Exercise objective | Reproduce the records that follow without alteration, apart from removing the pictures.

(Collected data entries)
━━━━━━━━━━━━━━━━━━━━

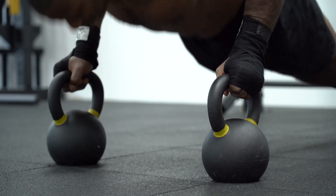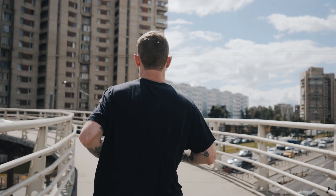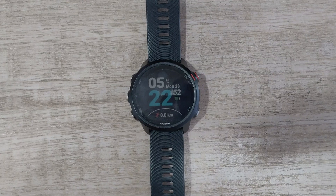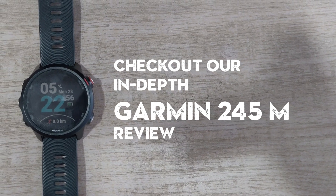So if you are a professional athlete who wants accurate results, then this is not the watch for you. If you happen to be an athlete, then consider checking out our Garmin 245M in-depth review or heart rate accuracy test video.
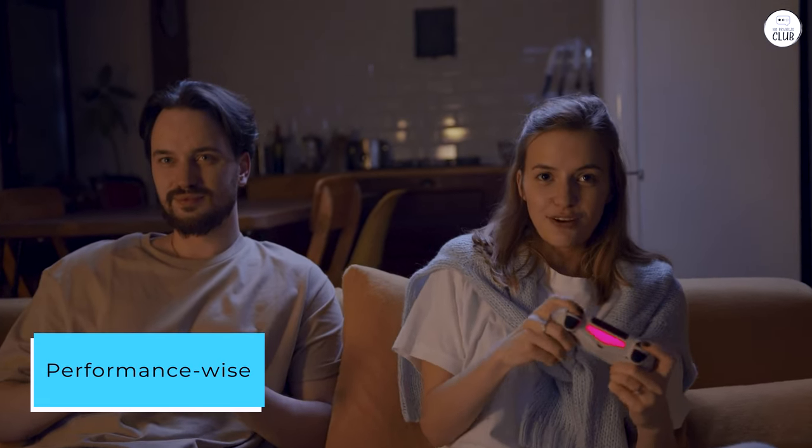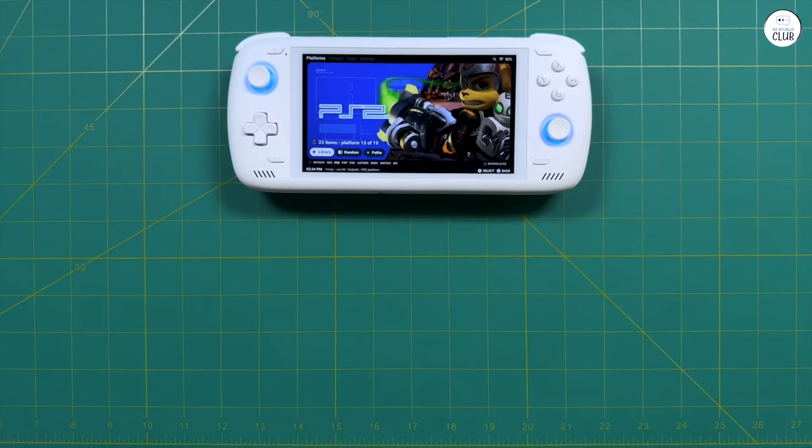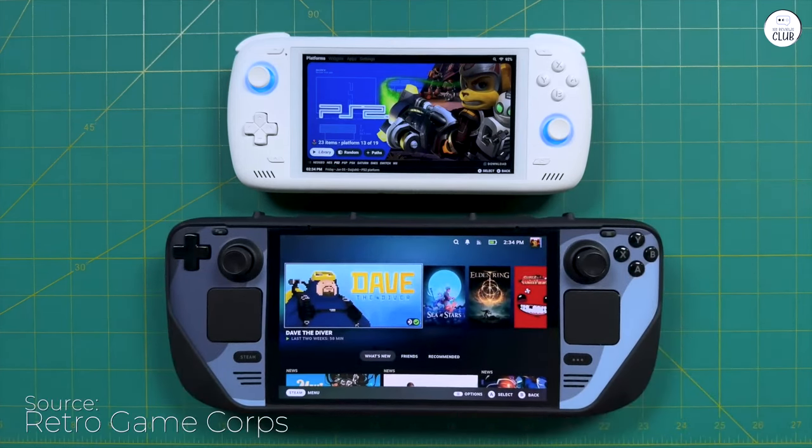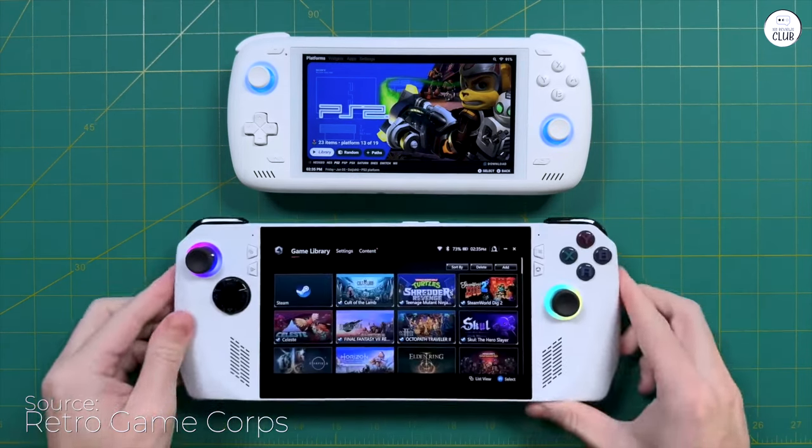Performance-wise, it's a powerhouse, effortlessly handling emulators for a vast array of consoles, stretching up to PS2 and Switch. Remarkably, it maintains cool, quiet operation. The fan is scarcely audible, even quieter than my Nintendo Switch.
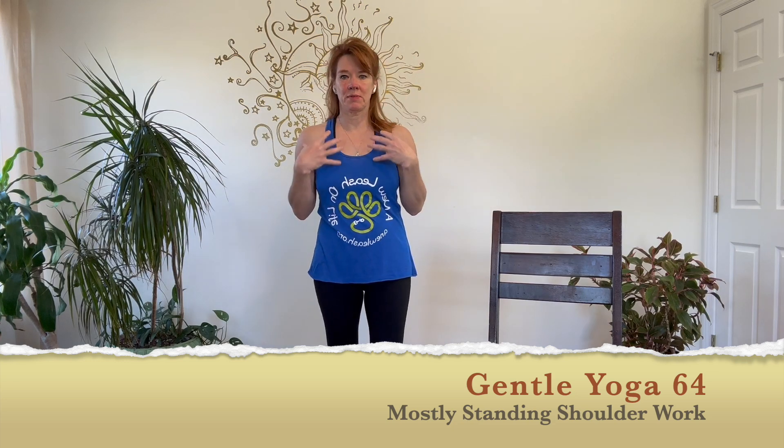Thank you for joining for yoga today. We're going to start standing today. We do a little shoulder work, so be gentle with your shoulders if you've got any concerns. If you've got tightness, this will be the one to do.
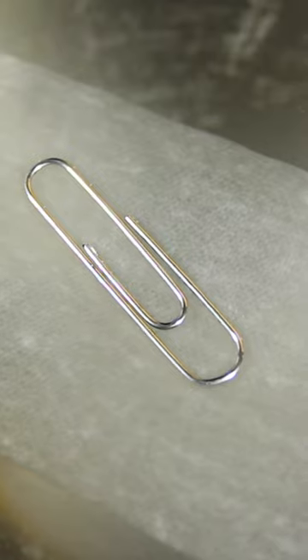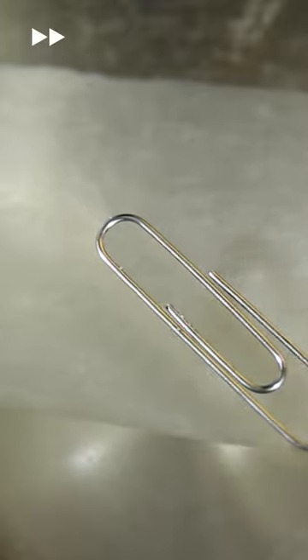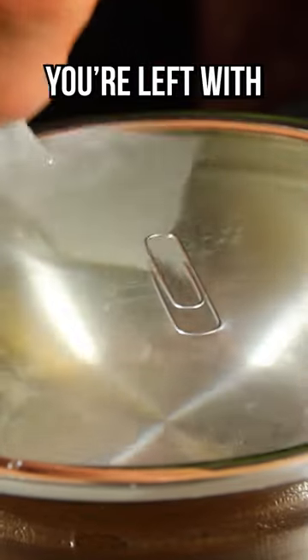The toilet paper momentarily gives the paperclip something to rest on so it doesn't break the surface tension of the water. And as the TP shrivels away, you're left with...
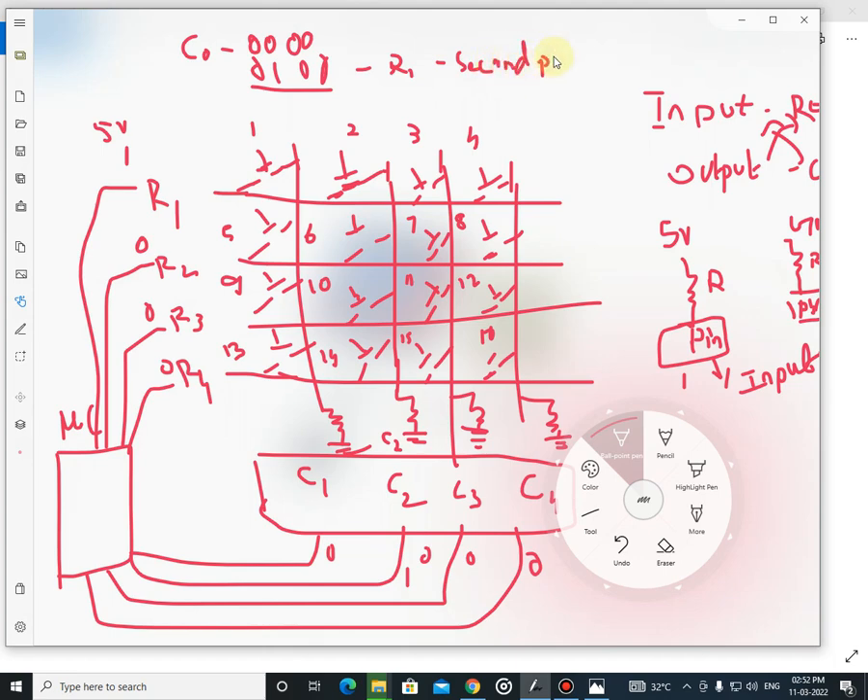Row 1, 2nd pin — that means you pressed the 2nd switch. If you press the 3rd switch, then C3 will have a value of 1, with all other pins at 0. C3 will have a logical 1, meaning you pressed the 3rd switch of the first row.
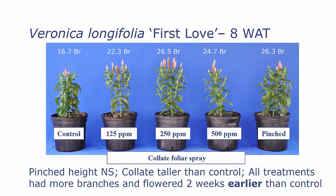In this study we actually had a little bit of an oddity — our control plants didn't seem to grow out quite as well as they should have. So essentially we have an improvement in branching with both our Collate treatments and with our pinching. In addition, all of these treated plants flowered two weeks earlier than our control plants.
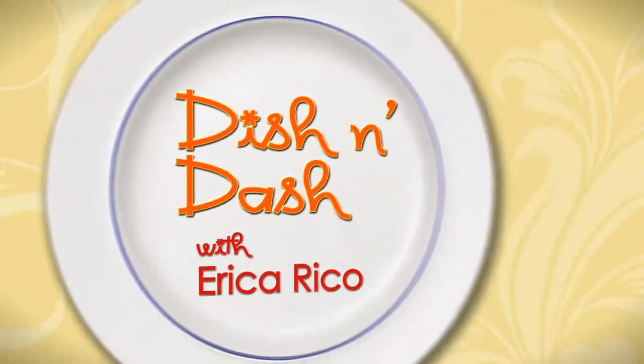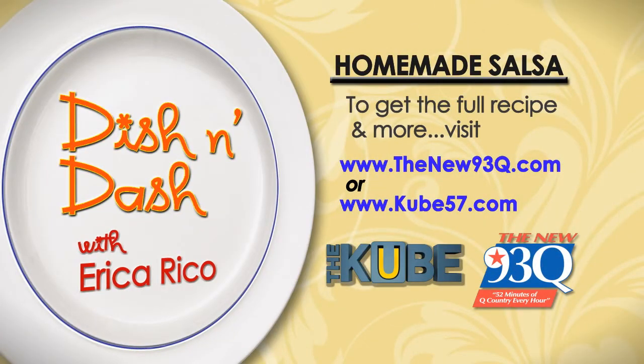If you want the full recipe, go to TheNew93Q.com or you can go to Kube57.com. Is it good? It's wonderful.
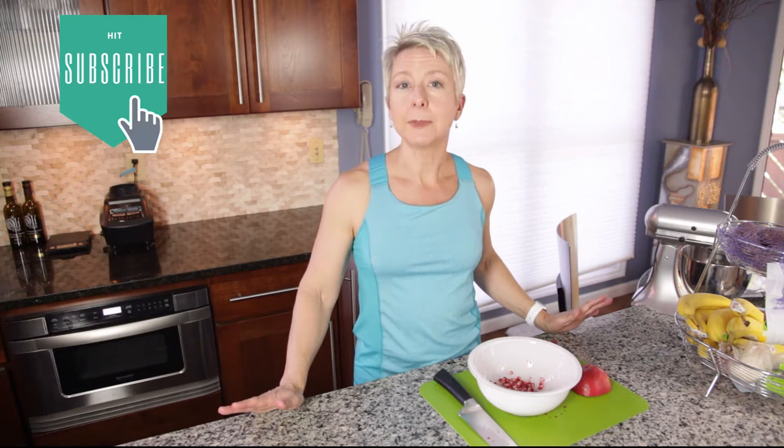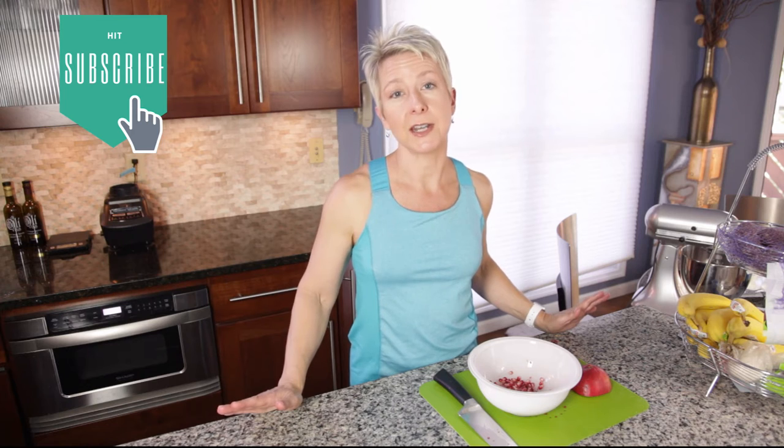I even saw a recipe for making a chocolate bark or even a white chocolate bark, which would be really beautiful for Christmas, where you put the pomegranate seeds in there. I hope you enjoy it — please leave me a comment and let me know if you like pomegranate seeds. And if you haven't signed up yet, make sure you sign up for my fitness tips and tricks. Thanks and talk to you soon.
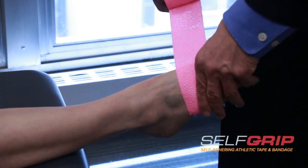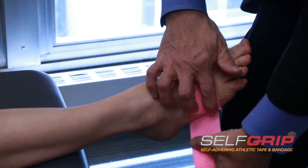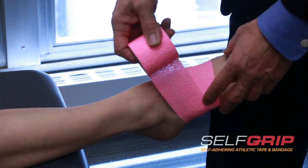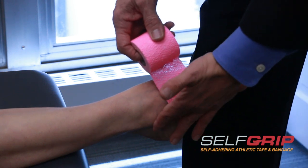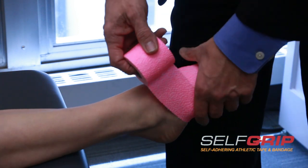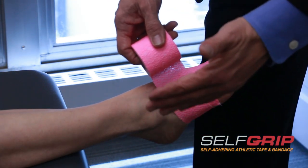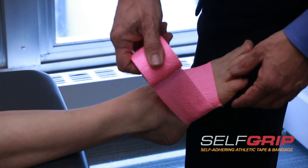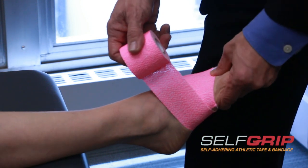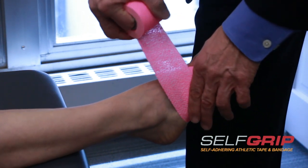We're going to start by running underneath the foot and pulling it up in this direction. The reason we pull it up in this direction is because the large majority of ankle sprains involve rolling the ankle this direction. When you tape, you are trying to limit movement in the injury direction, so we're using tape in this direction — pulling up — which pulls the ankle against that mechanism, thereby helping support the injury.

━━━━━━━━━━━━━━━━━━━━

Output of the task |
So if you are a professional athlete who wants accurate results, then this is not the watch for you. If you happen to be an athlete, then consider checking out our Garmin 245M in-depth review or heart rate accuracy test video.
Performance-wise, it's a powerhouse, effortlessly handling emulators for a vast array of consoles, stretching up to PS2 and Switch. Remarkably, it maintains cool, quiet operation. The fan is scarcely audible, even quieter than my Nintendo Switch.
Thank you for joining for yoga today. We're going to start standing today. We do a little shoulder work, so be gentle with your shoulders if you've got any concerns. If you've got tightness, this will be the one to do.
The toilet paper momentarily gives the paperclip something to rest on so it doesn't break the surface tension of the water. And as the TP shrivels away, you're left with...
Row 1, 2nd pin — that means you pressed the 2nd switch. If you press the 3rd switch, then C3 will have a value of 1, with all other pins at 0. C3 will have a logical 1, meaning you pressed the 3rd switch of the first row.
In this study we actually had a little bit of an oddity — our control plants didn't seem to grow out quite as well as they should have. So essentially we have an improvement in branching with both our Collate treatments and with our pinching. In addition, all of these treated plants flowered two weeks earlier than our control plants.
If you want the full recipe, go to TheNew93Q.com or you can go to Kube57.com. Is it good? It's wonderful.
I even saw a recipe for making a chocolate bark or even a white chocolate bark, which would be really beautiful for Christmas, where you put the pomegranate seeds in there. I hope you enjoy it — please leave me a comment and let me know if you like pomegranate seeds. And if you haven't signed up yet, make sure you sign up for my fitness tips and tricks. Thanks and talk to you soon.
We're going to start by running underneath the foot and pulling it up in this direction. The reason we pull it up in this direction is because the large majority of ankle sprains involve rolling the ankle this direction. When you tape, you are trying to limit movement in the injury direction, so we're using tape in this direction — pulling up — which pulls the ankle against that mechanism, thereby helping support the injury.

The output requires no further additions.